1981 Ed., § 45-2707.

Section References

This section is referenced in § 42-2802.

Effect of Amendments

D.C. Law 13-11 rewrote subsec. (a); in subsec. (b) struck the phrase “residing in buildings” and insert the phrase “renting commercial space or residing in buildings” in its place, struck the phrase “tenant association” and inserted the phrase “condominium association, tenant association,” in its place; in subsec. (c) added the phrase “, condominium association,” after the phrase “nonprofit developer”; and in subsec. (d) inserted the phrase “, and commercial properties shall be offered to developers through a competitive bidding process” at the end of the sentence after the phrase “pursuant to section 45-2704”. Prior to amendment subsec. (a) provided:

“(a) The Administrator shall sell each residential building in the Program for $250 per dwelling unit and each commercial building for up to $5,000 per unit. Commercial, single-family, and small multi-family dwellings shall be sold at prices determined by the Administrator after considering the income level of the purchaser, the condition of the property, and such other factors as the Administrator deems appropriate pursuant to rules. In transferring single-family dwellings with one dwelling unit, priority shall be given to low-income persons. Any rules or factors developed by the Administrator for consideration in connection with the transfer of single-family and small multi-family dwellings shall be transmitted to the Council for review and approval pursuant to § 45-2704.”

D.C. Law 13-91 validated a previously made technical amendment.

D.C. Law 14-114, in subsec. (a), in the third sentence, substituted “priority shall be given first to the sale to a low-income person and priority shall be given next to the sale for the development of rental units for low-income persons” for “priority shall be given low-income persons”; in subsec. (d), substituted “potential homesteaders for the purchase of the building” for “potential homesteaders”; and substituted “Mayor” for “Administrator” throughout the section.

Emergency Legislation

For temporary amendment of section, see § 2(g)-(j) of the Homestead Housing Preservation Emergency Amendment Act of 1998 (D.C. Act 12-556, January 12, 1999, 45 DCR 625).

For temporary (90-day) amendment of section, see § 2(e) of the Homestead Housing Preservation Congressional Review Emergency Amendment Act of 1999 (D.C. Act 13-62, May 10, 1999, 46 DCR 4454).

Temporary Legislation

For temporary (225 day) amendment of section, see § 2(g) through (j) of Homestead Housing Preservation Temporary Amendment Act of 1998 (D.C. Law 12-245, April 20, 1999, law notification 46 DCR 4158).

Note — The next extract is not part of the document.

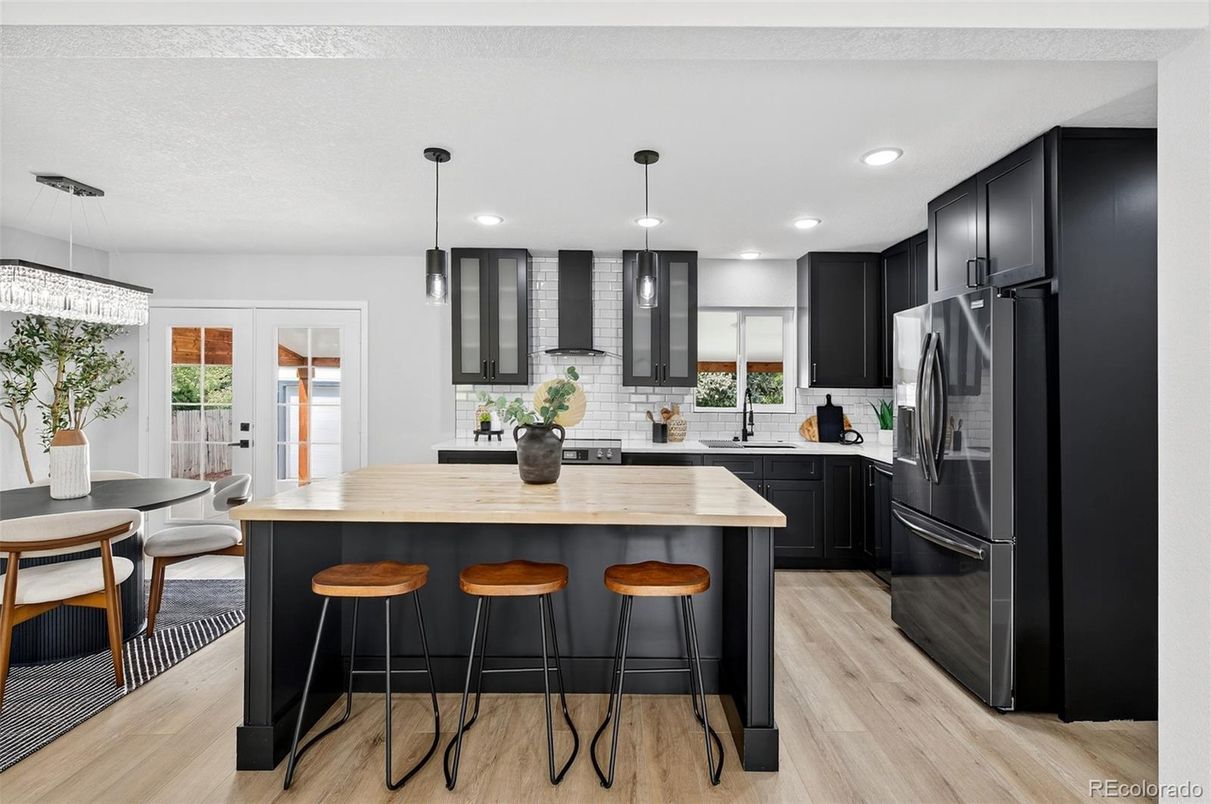Interior, Kitchen, Pendant Lights, Recessed Lighting, Wood Texture Flooring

§ 42–2108. Abatement agreement.

(a) At the time of settlement, the homesteader shall take free and clear title to property subject only to the terms of an abatement agreement and this chapter. Each homesteader at the time of property settlement shall enter into an abatement agreement with the District, which shall include, but shall not be limited to, requirements that the homesteader perform the following:

(1) The homesteader (Residential) shall maintain the property as his or her principal dwelling place and residence for a period commencing with the date of property settlement and ending on the 5th anniversary of the settlement date. If the property cannot be lawfully occupied on the settlement date, the homesteader shall be considered in compliance with this residency provision if he or she takes occupancy within a reasonable period of time after the property has been brought into compliance with the Building Code approved pursuant to the Construction Codes Approval and Amendments Act of 1986 (“Building Code”), and the District of Columbia Housing Code (14 DCMR Chapter 1-14) (“Housing Code”).

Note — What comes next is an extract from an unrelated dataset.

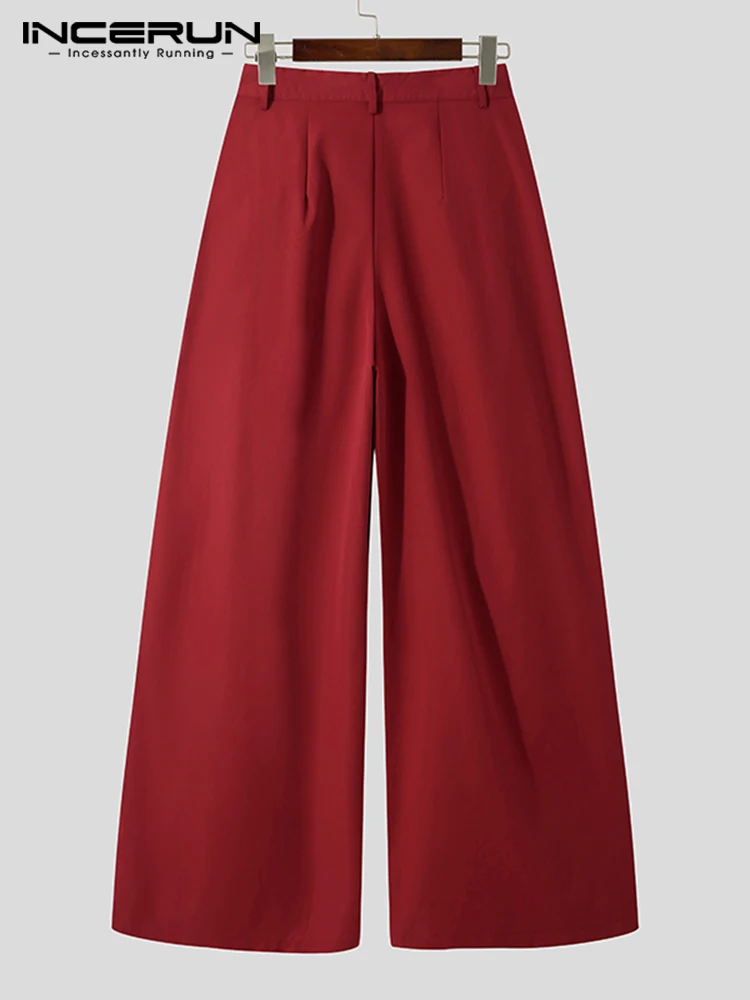 Men Fashion Casual Pantalons Solid All-match Simple Male Baggy High Waist Trousers Drop Crotch Long Pants S-5XL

(1A) The homesteader (Commercial) shall maintain title and ownership of the property for a period commencing with the date of property settlement and ending on the 10th anniversary of the settlement date. If the property cannot be lawfully occupied on the settlement date, the homesteader (Commercial) shall be considered in compliance with this ownership provision if the nonprofit organization or developer takes physical possession of the property within a reasonable period of time after the property has been brought into compliance with 12A DCMR, and 14 DCMR Chapters 1-14 (“Housing Code”).

(1B) The homesteader (Commercial) shall provide needed community services for at least 10 years to the residents of the District.

(2) The homesteader (Residential) shall participate in a Technical Training Program to be administered and conducted by groups selected pursuant to § 42-2109.

(3) The homesteader (Residential) shall improve the property within 12 months of the starting date of the Technical Training Program to meet all applicable requirements of the Building Code and Housing Code.

(4) The homesteader (Residential) shall not sell, convey, lease, or otherwise alienate the property, or place liens or encumbrances on it, for at least 5 years from the date of property settlement without the written approval of the District.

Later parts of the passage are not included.